EXERCISE DIRECTIONS>
An exact transcription is needed, starting with the line that contains "A sliding foot" and ending with the last line of the records.
SOURCE INFORMATION below:
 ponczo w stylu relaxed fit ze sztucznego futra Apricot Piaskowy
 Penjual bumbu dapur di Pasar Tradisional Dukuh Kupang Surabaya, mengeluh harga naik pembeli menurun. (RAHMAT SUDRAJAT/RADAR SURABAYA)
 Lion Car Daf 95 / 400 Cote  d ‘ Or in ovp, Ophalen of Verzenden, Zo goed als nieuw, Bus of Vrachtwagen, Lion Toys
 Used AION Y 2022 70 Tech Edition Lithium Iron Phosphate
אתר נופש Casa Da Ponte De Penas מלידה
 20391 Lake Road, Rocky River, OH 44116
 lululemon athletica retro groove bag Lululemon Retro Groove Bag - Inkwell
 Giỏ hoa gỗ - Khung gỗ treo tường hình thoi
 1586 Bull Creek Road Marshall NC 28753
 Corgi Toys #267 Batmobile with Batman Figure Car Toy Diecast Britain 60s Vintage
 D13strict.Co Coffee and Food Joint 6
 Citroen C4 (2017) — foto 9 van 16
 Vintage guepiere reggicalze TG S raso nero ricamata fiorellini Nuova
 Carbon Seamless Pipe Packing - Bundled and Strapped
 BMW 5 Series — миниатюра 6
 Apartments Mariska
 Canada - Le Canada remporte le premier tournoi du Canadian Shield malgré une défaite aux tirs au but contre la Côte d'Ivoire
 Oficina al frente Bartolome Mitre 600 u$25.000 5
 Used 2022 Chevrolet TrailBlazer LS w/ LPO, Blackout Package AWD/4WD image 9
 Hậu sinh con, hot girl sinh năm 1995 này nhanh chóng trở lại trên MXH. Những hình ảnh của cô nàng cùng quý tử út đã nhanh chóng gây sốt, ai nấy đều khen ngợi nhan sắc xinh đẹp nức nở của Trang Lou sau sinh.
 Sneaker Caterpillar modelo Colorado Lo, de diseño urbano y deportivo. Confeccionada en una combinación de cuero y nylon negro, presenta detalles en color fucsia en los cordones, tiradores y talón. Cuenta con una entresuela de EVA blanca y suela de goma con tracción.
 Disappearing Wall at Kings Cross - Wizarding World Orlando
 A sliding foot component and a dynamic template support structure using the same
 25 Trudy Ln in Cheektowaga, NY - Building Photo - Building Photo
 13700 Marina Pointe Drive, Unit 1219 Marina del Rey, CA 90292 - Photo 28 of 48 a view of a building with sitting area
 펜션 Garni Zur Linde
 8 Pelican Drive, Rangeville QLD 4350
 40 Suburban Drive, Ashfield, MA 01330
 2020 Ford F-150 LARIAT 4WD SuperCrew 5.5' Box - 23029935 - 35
End of SOURCE INFORMATION.
OUTPUT OF THE TASK>
 A sliding foot component and a dynamic template support structure using the same
 25 Trudy Ln in Cheektowaga, NY - Building Photo - Building Photo
 13700 Marina Pointe Drive, Unit 1219 Marina del Rey, CA 90292 - Photo 28 of 48 a view of a building with sitting area
 펜션 Garni Zur Linde
 8 Pelican Drive, Rangeville QLD 4350
 40 Suburban Drive, Ashfield, MA 01330
 2020 Ford F-150 LARIAT 4WD SuperCrew 5.5' Box - 23029935 - 35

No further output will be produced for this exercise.